Les médailles glânées aux Jeux

De là, il mettait les jeunes enfants face à une dure réalité en abordant même sa tentative de suicide et ses liens familiaux qui se détérioraient, pourtant, il avoue que c’est grâce à son frère qu’il s’en est sorti. Lui qui était son dernier rempart. Bien que l’orateur du jour se définisse par sa gentillesse, sa résilience et son exigence envers lui-même, il ne mâchait aucunement ses mots quant aux leçons qu’il tirait de sa vie. « Au début, tu aimes faire la fête. Tu ne sais pas que ce n’est pas bien. Après, c’est quand les autres problèmes arrivent, que ta femme te quitte, tu perds ton travail et que tu ne peux plus payer tes factures. […] Si tu ne te reprends pas en main, malheureusement, tu finis à la rue. […] C’est une maladie en moi. […] Soit je continue et je meurs, ma famille et ma copine vont être malheureuses, mes frères impuissants. J’ai fait comme je fais d’habitude, il faut que je me batte. Ce n’est pas facile tous les jours, il y a des moments où c’est dur, mais ça fait partie de ma guérison. »
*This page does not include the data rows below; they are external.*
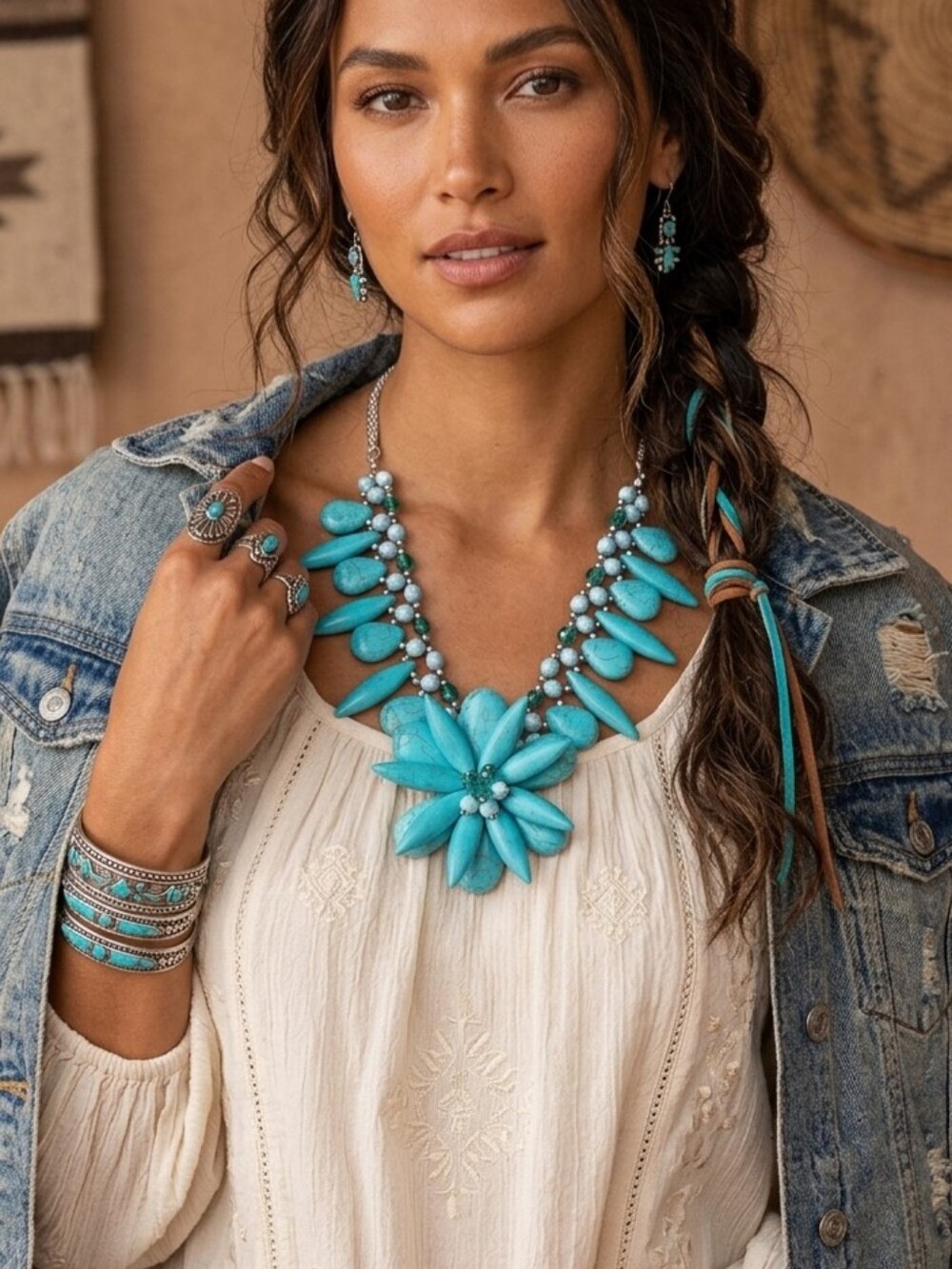 Floral Southwestern Boho Statement Bib Necklace Faux Turquoise Flower Cluster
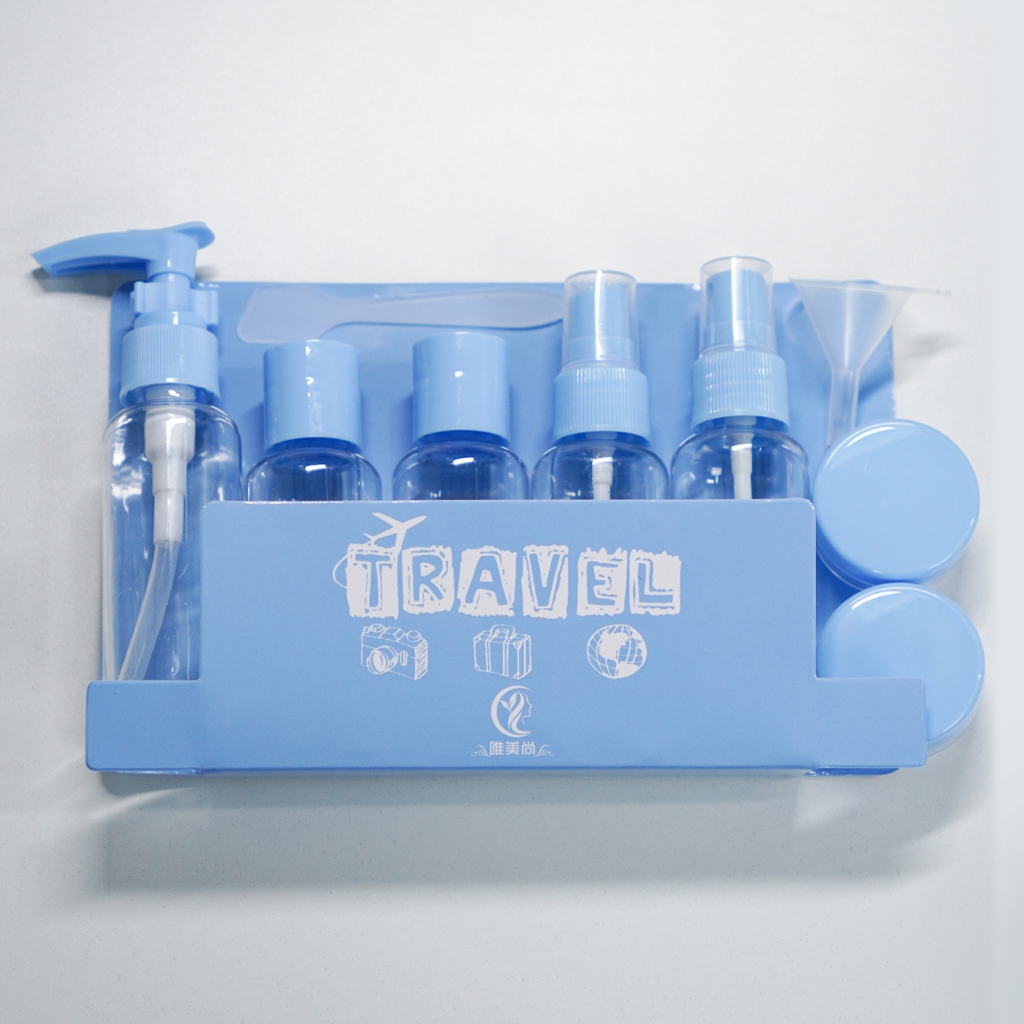 Ảnh Bộ chiết mỹ phẩm 9 món -  set chiết mỹ phẩm Sunny Travel tiện dụng, chiết dầu gội, sữa tắm mang đi du lịch tiện lợi 1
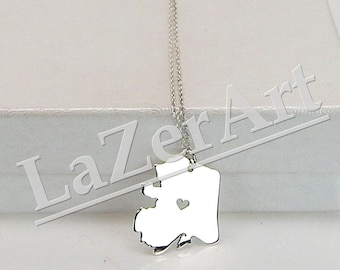 Alaska State Necklace – Personalized Sterling Silver Travel Keepsake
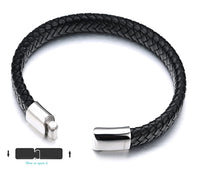 ZIBUYU Braided Leather Bracelet for Men Classic Leather Hoop Bracelet Leather Bracelet with Alloy Clasp Fashion Piece Bracelet for Women Men 8.46  Black Leather Hoop Bracelet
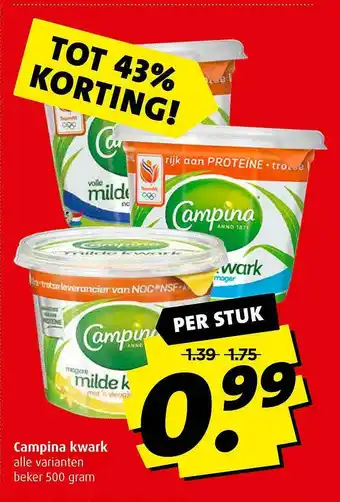 Boni Campina Kwark Tot 43% Korting aanbieding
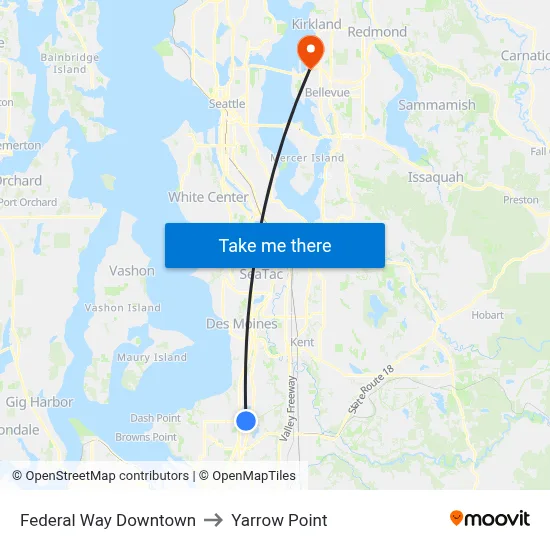 Federal Way Downtown to Yarrow Point map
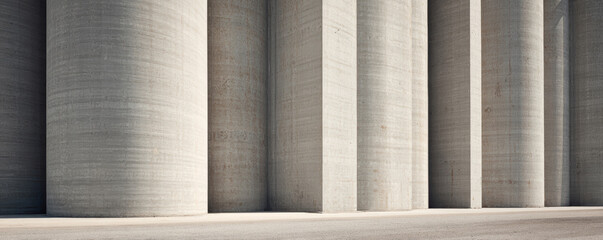 Fototapeta premium Massive concrete silo wall industrial architecture vertical column texture minimal urban pattern brutalist facade hard shadow light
Désormais sobre, il souhaite que grâce à ses interventions, des personnes disent désormais « non aux conneries (sic) » que ce soit la cigarette, l’alcool ou la drogue. En insistant particulièrement sur un instant où il s’est énormément remis en question : « J’ai fini en garde à vue pour conduite en état d’ivresse. […] Le jour où ça vous arrive, posez-vous les bonnes questions. » Pour terminer son passage dans la classe, il montrait fièrement ses médailles olympiques, laissant les élèves manipuler ce métal, preuve d’une consécration, prendre la pose avec, et passait du temps avec les enfants pour une séance de dédicaces.
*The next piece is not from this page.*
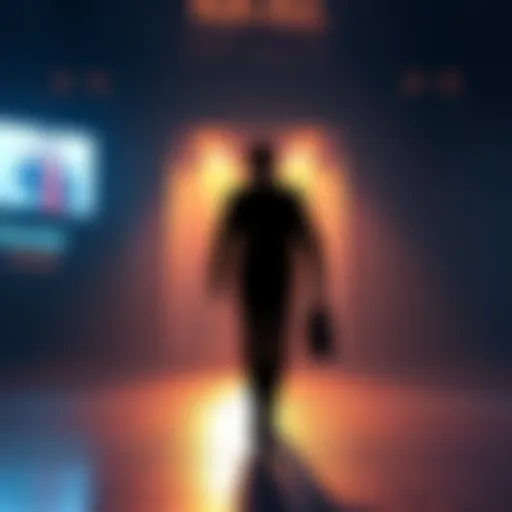 A person leaving a situation, representing the concept of personal choice and freedom.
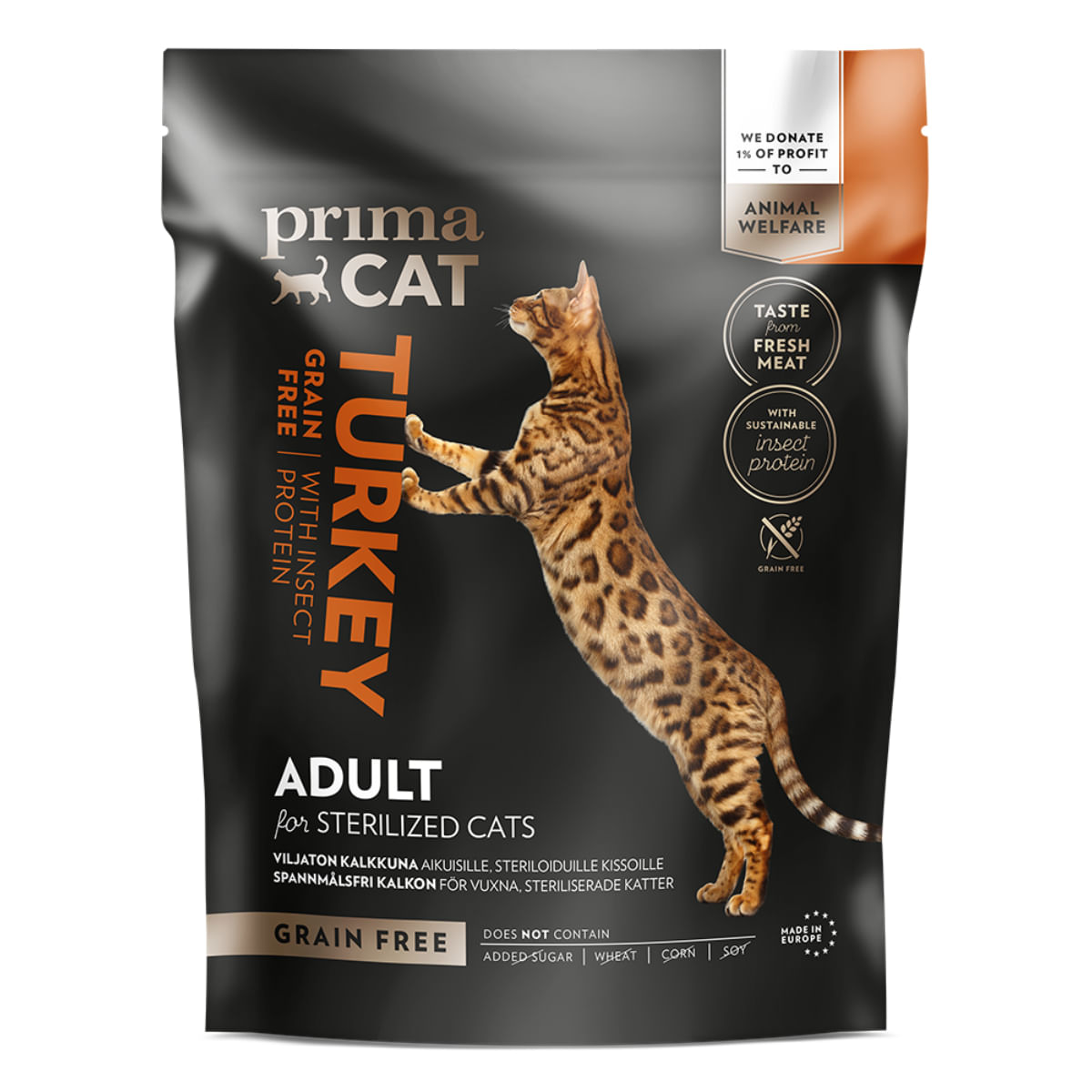 PRIMA CAT Sterilised, Curcan și Insecte, hrană uscată fără cereale pisici sterilizate, 400g - poza 1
Si le vocabulaire était familier, le geste est noble. Face à des fléaux comme l’alcoolisme, il faut sensibiliser. De par son statut et son vécu, Jérôme Thomas est très bien placé pour le faire. Certains pourraient penser que le public du jour était trop jeune, mais cette maladie touche de trop nombreuses personnes et les conséquences ne sont pas que sur des adultes, car même enfant, on n’est jamais à l’abri de voir un membre de sa famille rongé par cela. Grâce à cette intervention, espérons que les journalistes d’un jour auront appris que même les plus grands champions ne sont pas infaillibles et qu’il n’y a aucune honte à demander de l’aide.